BEGIN Supplied records

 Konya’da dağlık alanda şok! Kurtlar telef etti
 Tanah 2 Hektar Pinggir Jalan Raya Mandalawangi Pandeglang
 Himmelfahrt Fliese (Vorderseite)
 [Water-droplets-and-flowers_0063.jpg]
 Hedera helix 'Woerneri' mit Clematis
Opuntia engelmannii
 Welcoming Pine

END Supplied records
BEGIN Supplied records

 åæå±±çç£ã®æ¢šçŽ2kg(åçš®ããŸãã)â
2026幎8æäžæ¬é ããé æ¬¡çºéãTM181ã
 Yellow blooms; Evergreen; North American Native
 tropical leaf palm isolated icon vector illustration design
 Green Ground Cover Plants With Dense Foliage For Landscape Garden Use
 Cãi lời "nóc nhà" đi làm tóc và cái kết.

END Supplied records

Problem details
Give back exactly the lines of the listing above that run from the line with "Green Ground Cover" to the line with "và cái kết.", inclusive.

Task solution
 Green Ground Cover Plants With Dense Foliage For Landscape Garden Use
 Cãi lời "nóc nhà" đi làm tóc và cái kết.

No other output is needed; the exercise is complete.